英子の去った後の小一時間をギャラリーで一人で過ごす。
旅日記の更新。少し撮影、などの作業。
やがてギャラリーの小林さんや動画撮影の赤間さんがやってきて程なく県博の小林さんも現れる。
今日のギャラリートークは人を入れずに収録のみ。公開は明後日、北方風土館からの配信となる。
トークのメインゲストである赤坂憲雄さんは夕方に仙台からの帰途に寄ってくださる予定で、その通りに赤坂先生来てくださったがお疲れのご様子でした。
急遽ギャラリーの小林さんも参加で3人の鼎談となりました。
まずは、私から展示の説明。
今年3月11日の常磐線の緊急停車の奇跡を綴ったあのテキストから始めました。
14時46分に停車中の車内全員で黙祷を捧げたあの出来事。
お疲れの赤坂先生は、隣に張り出してある10年前の3月11日の新聞をご覧になりながら、この記事が書かれた日は何もなかったんですよねと。その日、つまり3月10日は何もなかった。そういうことを、しっかりと言葉にしているのを聞いたのは初めてだったかもしれません。

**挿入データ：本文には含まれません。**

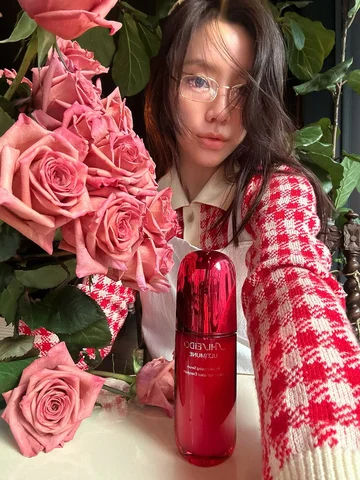 #광고 @shiseido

それから、壁を移して、3月12日からの鉛筆で塗りつぶした作品の前に。
赤坂さんは、当時の日々を思い起こしていました。
東北学、東北をフィールドとする文化人類学のご研究をされてきた方であるので、被災の地にお知り合いが多くいらっしゃるのです。
いわきの海岸の方を歩いたことも話されました。
いろいろなことがこみ上げてくるような話され方で、私は、作品の前でこうしたお話を聞けることがとても貴重に感じました。
自分で言ってよいものかわかりませんが、この作品の持つ力がそうさせたのだと思います。そういう作品なのだと思っていいのかなと感じました。